EXERCISE OBJECTIVE -> Pictures must be left out. Retype exactly the lines from the one containing "CollarDirect Nylon Dog" through the last line of the records below.
*** DATA FOR THE TASK ***
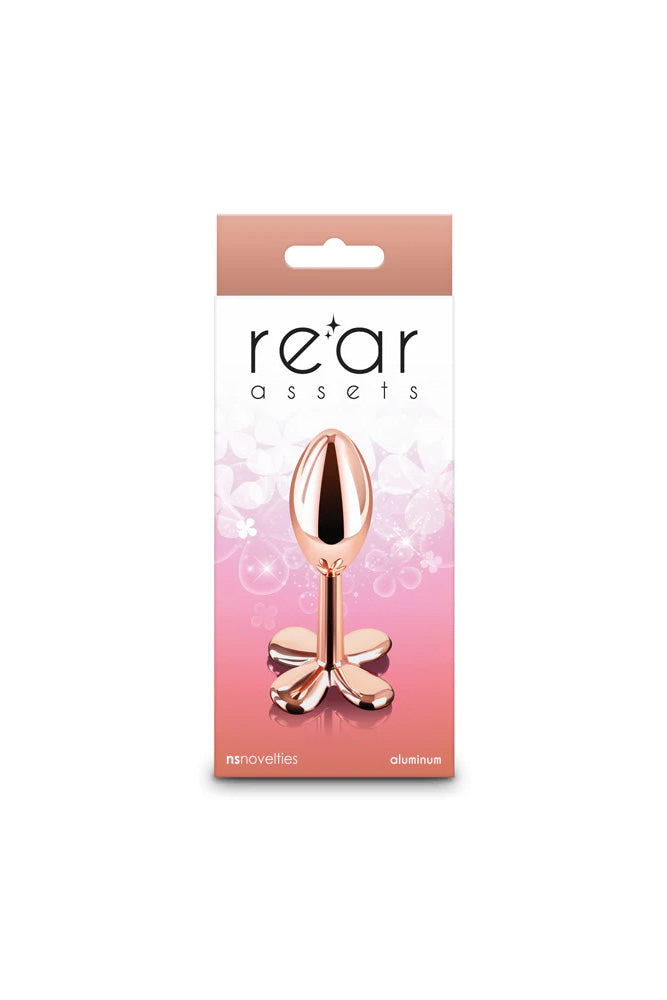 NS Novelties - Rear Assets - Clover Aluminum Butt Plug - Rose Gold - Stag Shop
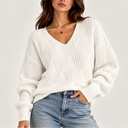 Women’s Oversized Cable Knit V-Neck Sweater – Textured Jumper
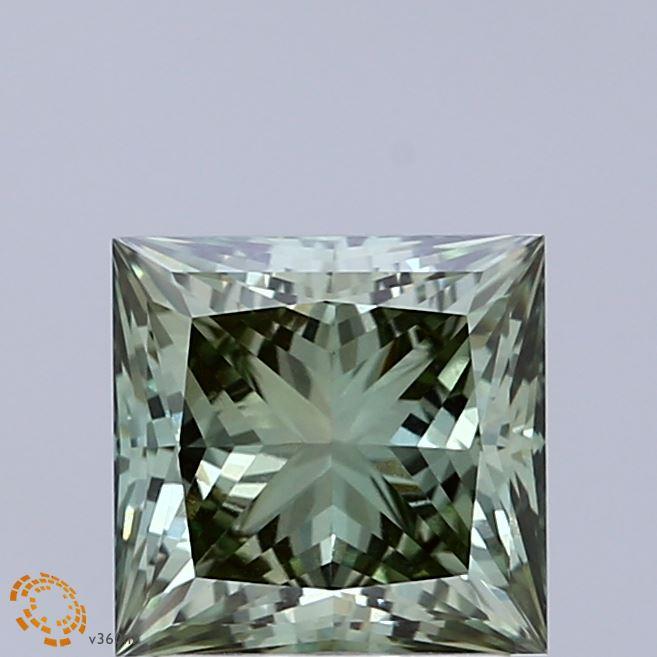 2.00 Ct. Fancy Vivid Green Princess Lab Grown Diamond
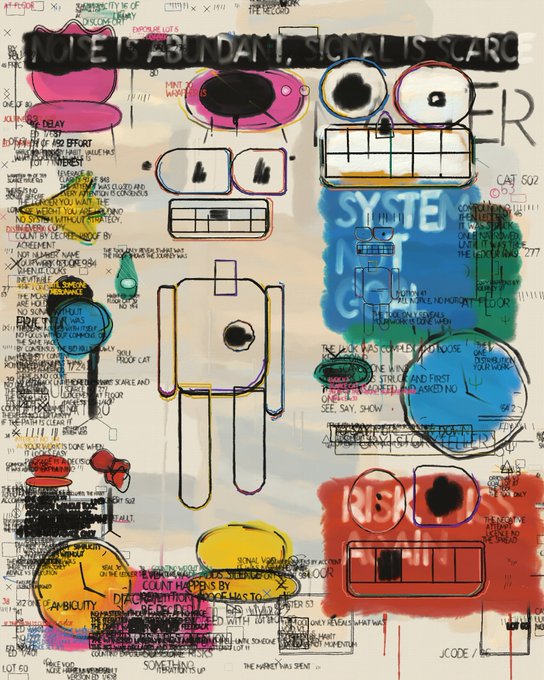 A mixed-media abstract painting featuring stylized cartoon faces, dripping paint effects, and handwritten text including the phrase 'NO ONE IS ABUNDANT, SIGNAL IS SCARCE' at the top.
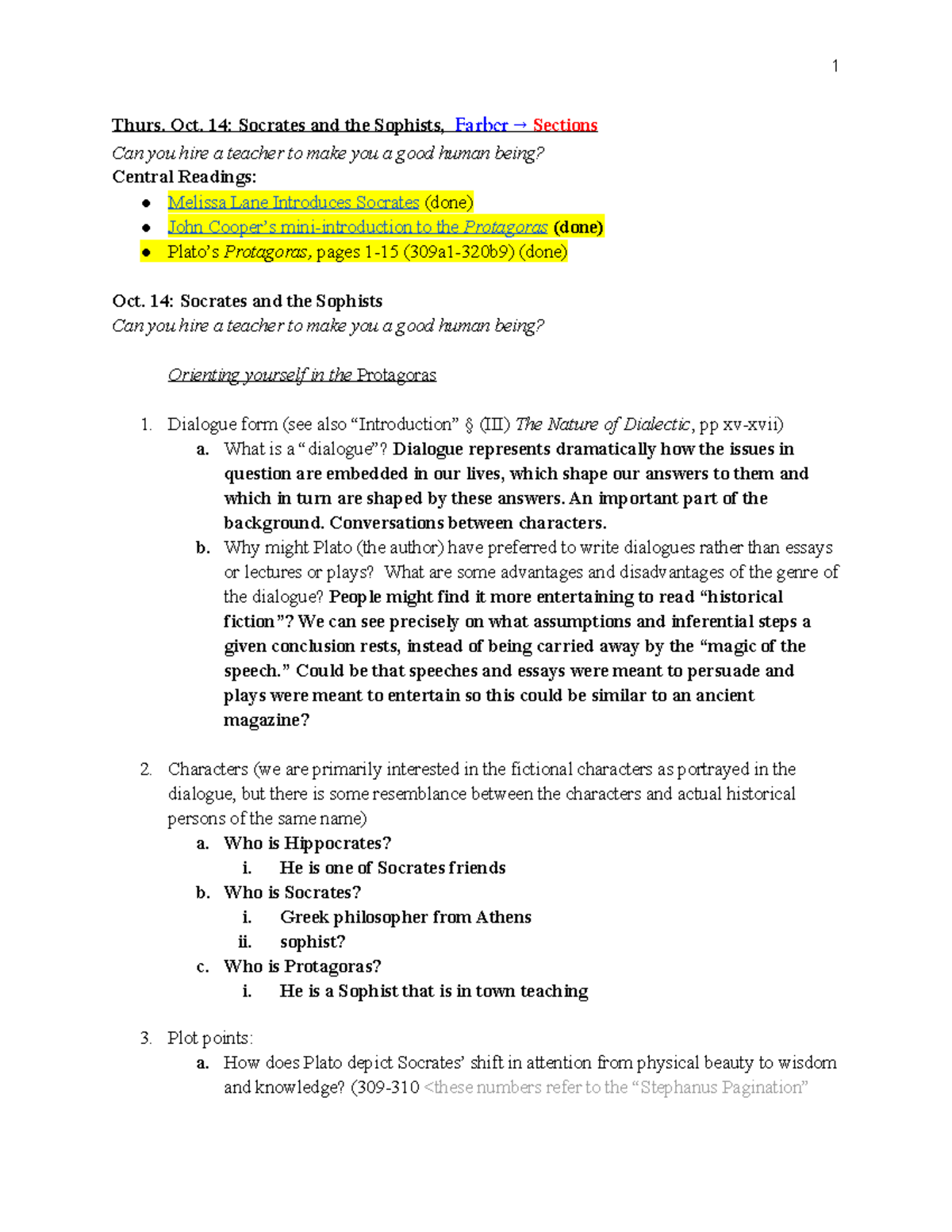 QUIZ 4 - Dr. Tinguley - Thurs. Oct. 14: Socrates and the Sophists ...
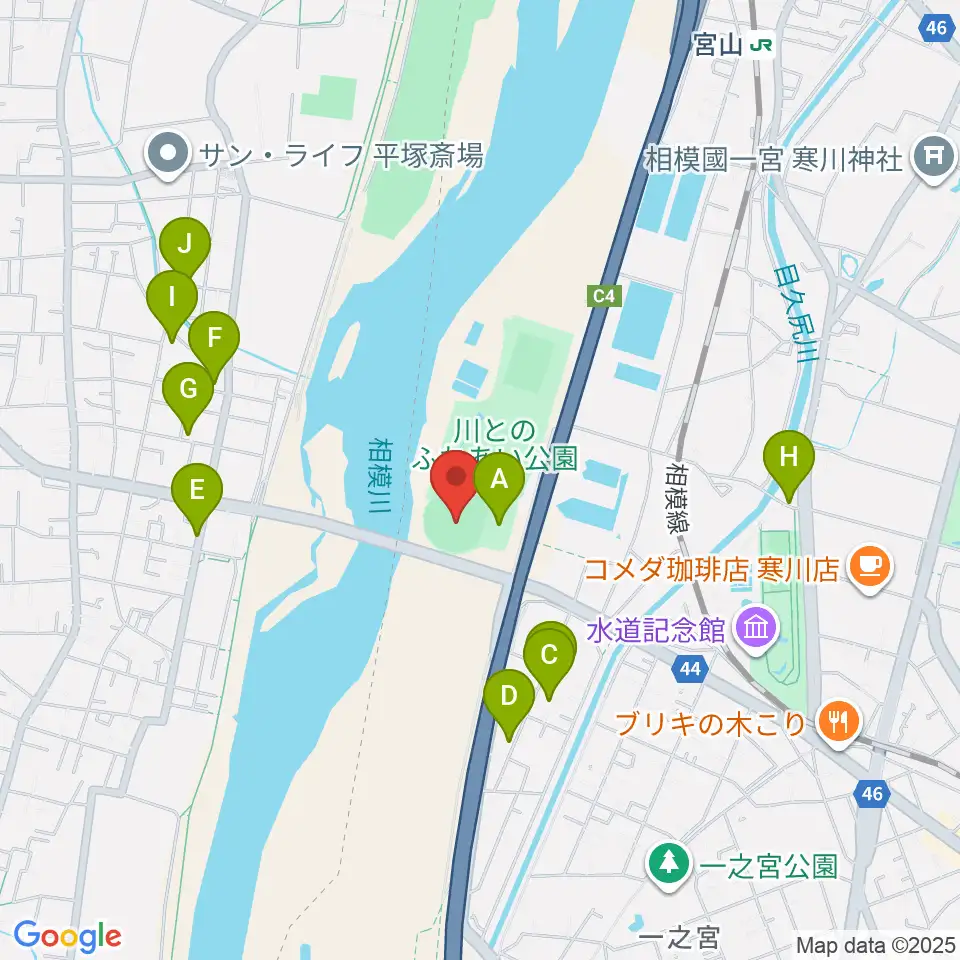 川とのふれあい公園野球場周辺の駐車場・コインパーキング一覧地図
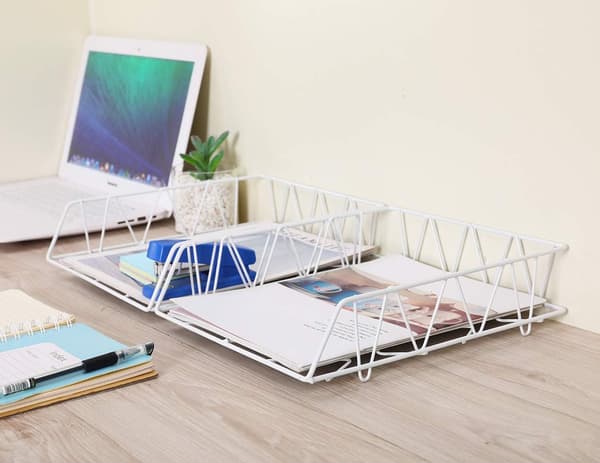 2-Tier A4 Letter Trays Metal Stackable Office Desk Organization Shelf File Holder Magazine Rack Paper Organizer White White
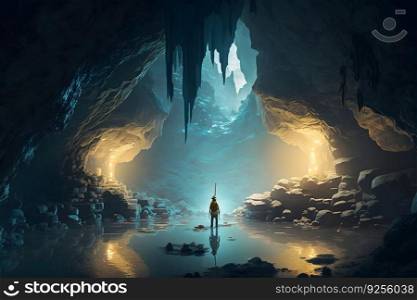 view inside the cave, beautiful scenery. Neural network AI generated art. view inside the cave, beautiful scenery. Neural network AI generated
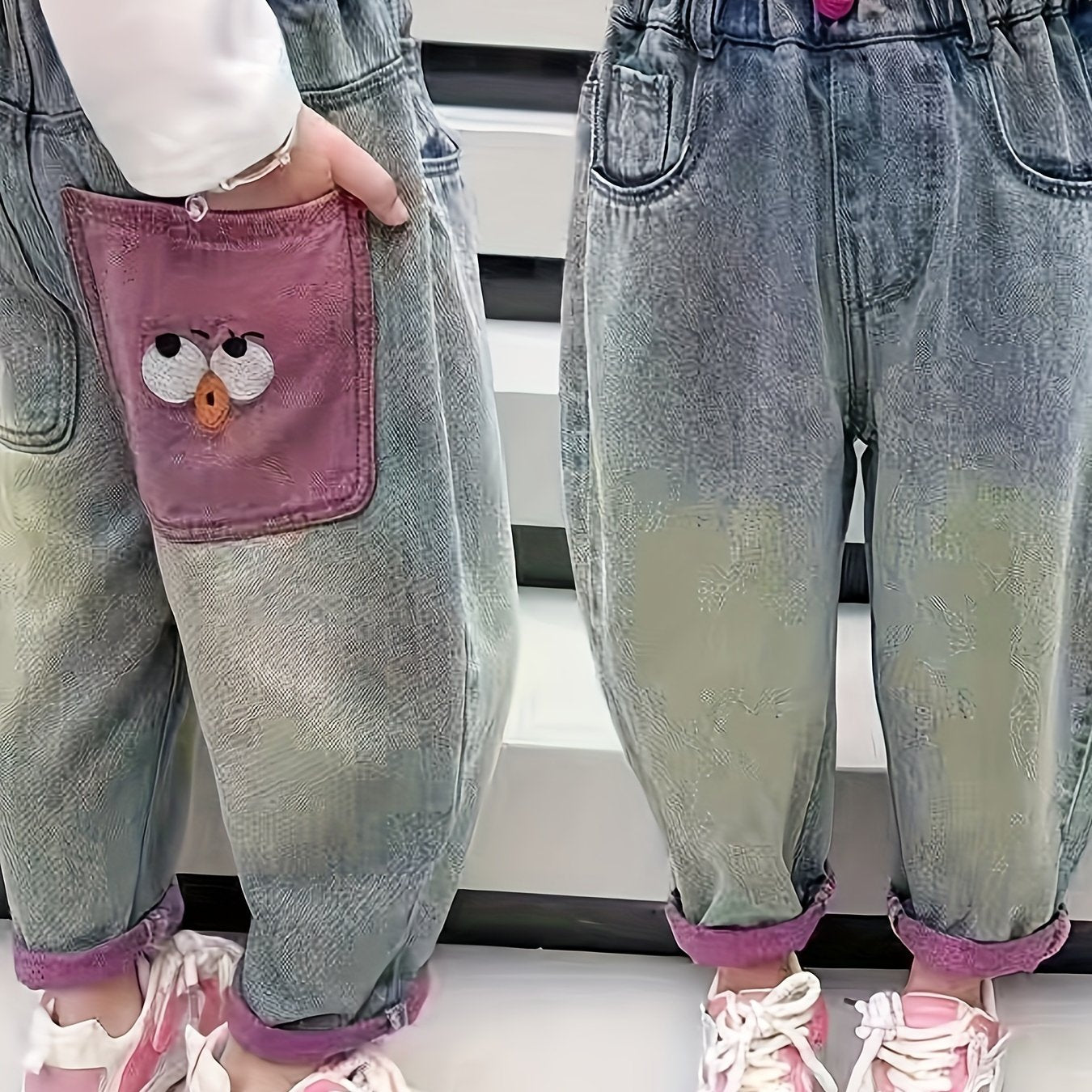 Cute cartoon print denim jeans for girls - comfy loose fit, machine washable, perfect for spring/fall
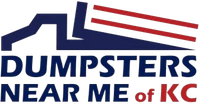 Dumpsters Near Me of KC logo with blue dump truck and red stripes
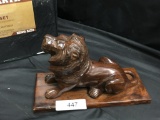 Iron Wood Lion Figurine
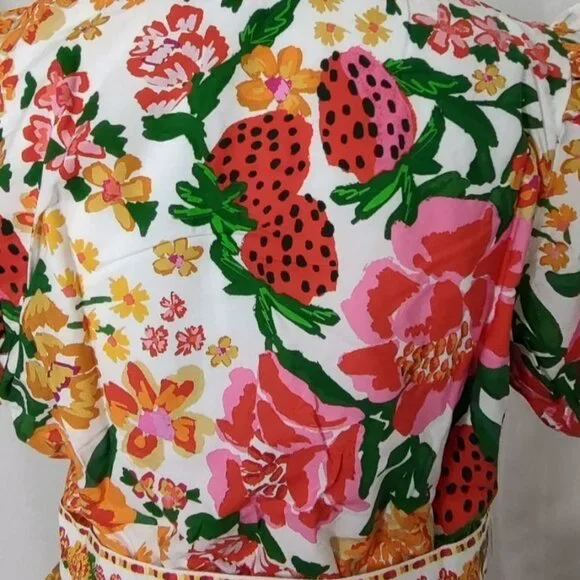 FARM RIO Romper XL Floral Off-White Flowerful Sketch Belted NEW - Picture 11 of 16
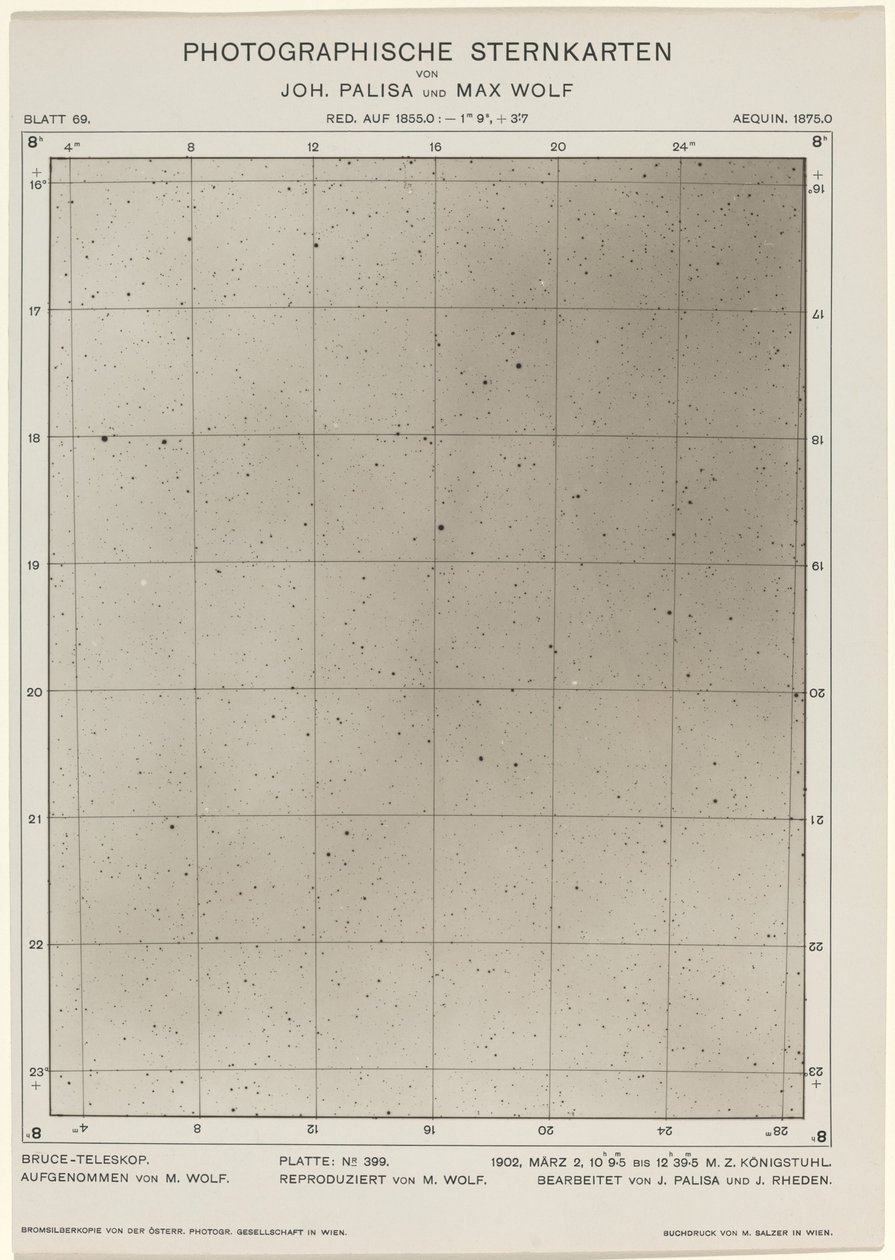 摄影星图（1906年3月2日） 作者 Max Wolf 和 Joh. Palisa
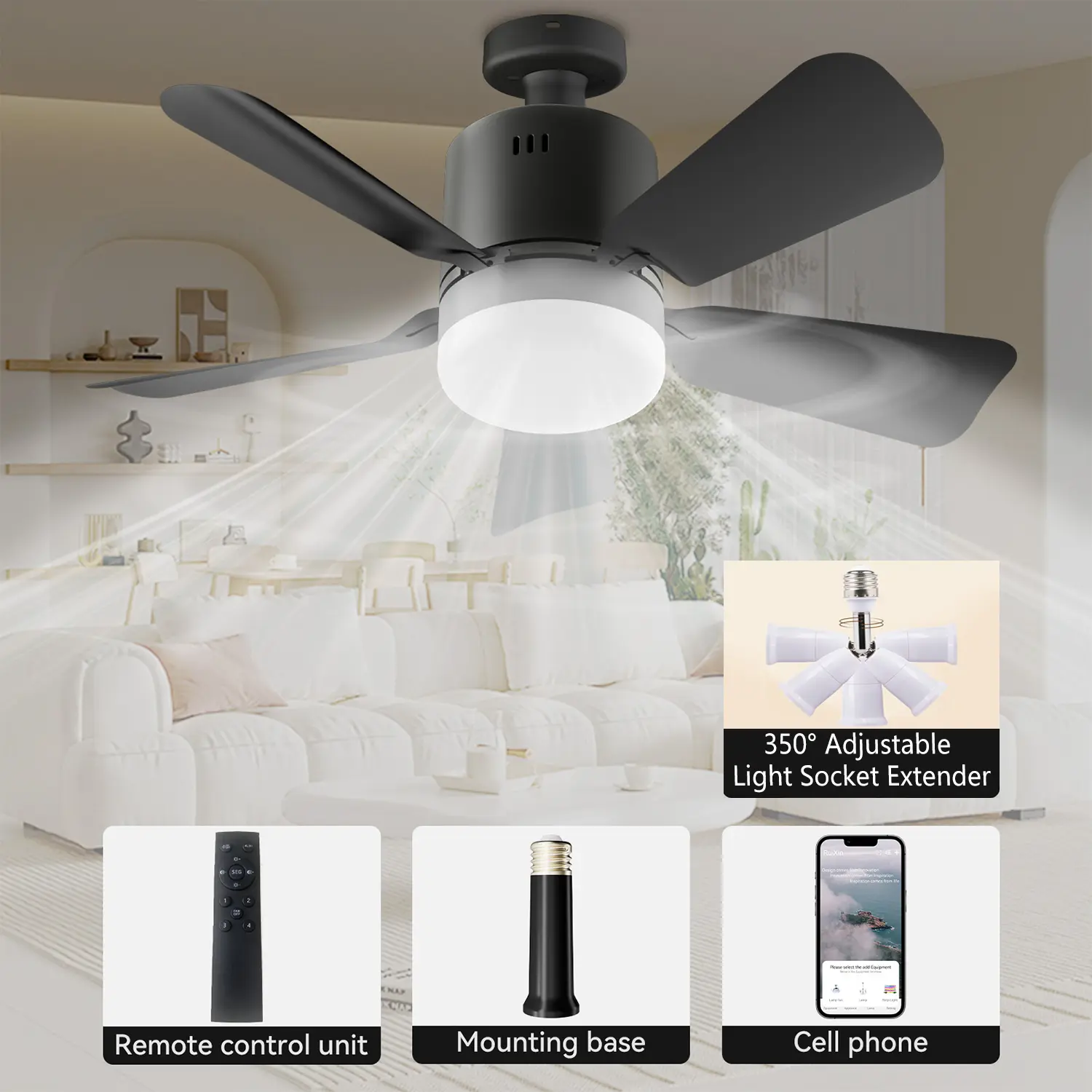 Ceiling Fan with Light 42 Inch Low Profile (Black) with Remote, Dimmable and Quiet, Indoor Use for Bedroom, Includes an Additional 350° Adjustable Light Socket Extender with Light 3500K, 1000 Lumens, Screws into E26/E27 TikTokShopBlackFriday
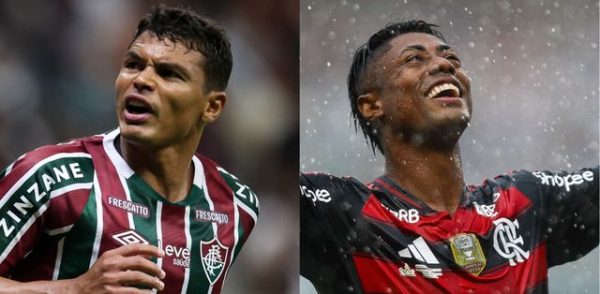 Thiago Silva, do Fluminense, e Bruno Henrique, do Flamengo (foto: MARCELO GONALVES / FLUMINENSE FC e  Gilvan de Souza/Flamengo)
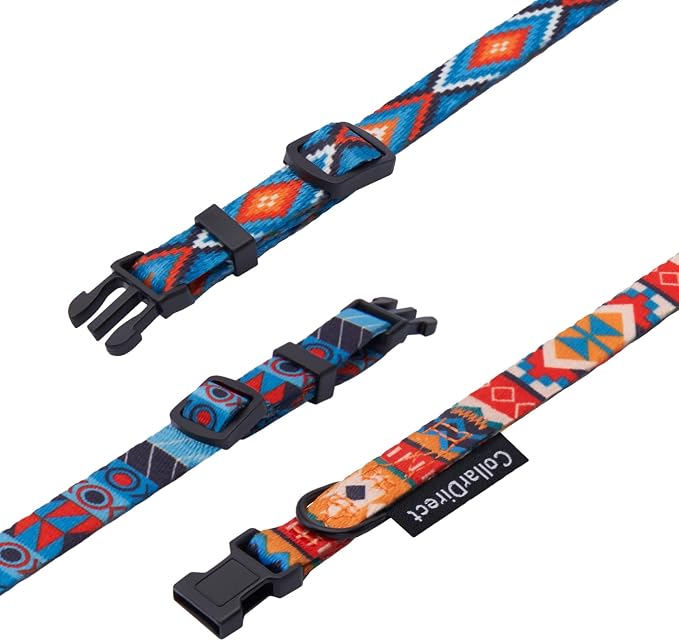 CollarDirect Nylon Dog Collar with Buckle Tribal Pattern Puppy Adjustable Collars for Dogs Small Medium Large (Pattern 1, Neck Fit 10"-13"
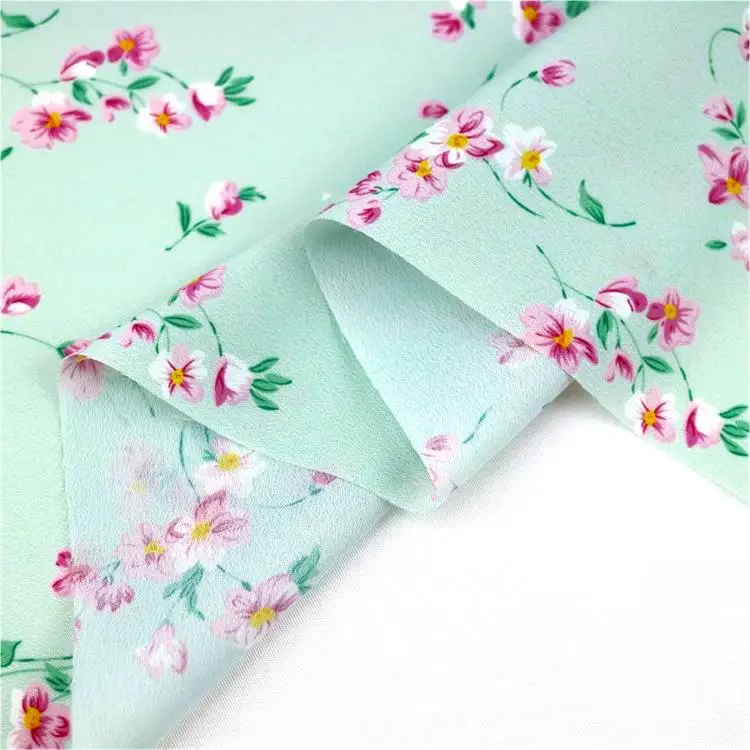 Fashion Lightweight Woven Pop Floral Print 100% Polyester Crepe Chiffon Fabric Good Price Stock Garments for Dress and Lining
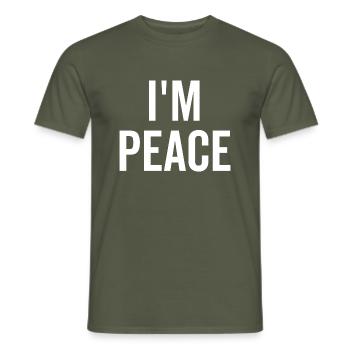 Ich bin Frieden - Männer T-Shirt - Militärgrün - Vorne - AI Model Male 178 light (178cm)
*** End of DATA FOR THE TASK ***
ANSWER TO THE EXERCISE ->
 CollarDirect Nylon Dog Collar with Buckle Tribal Pattern Puppy Adjustable Collars for Dogs Small Medium Large (Pattern 1, Neck Fit 10"-13"
 Fashion Lightweight Woven Pop Floral Print 100% Polyester Crepe Chiffon Fabric Good Price Stock Garments for Dress and Lining
 Ich bin Frieden - Männer T-Shirt - Militärgrün - Vorne - AI Model Male 178 light (178cm)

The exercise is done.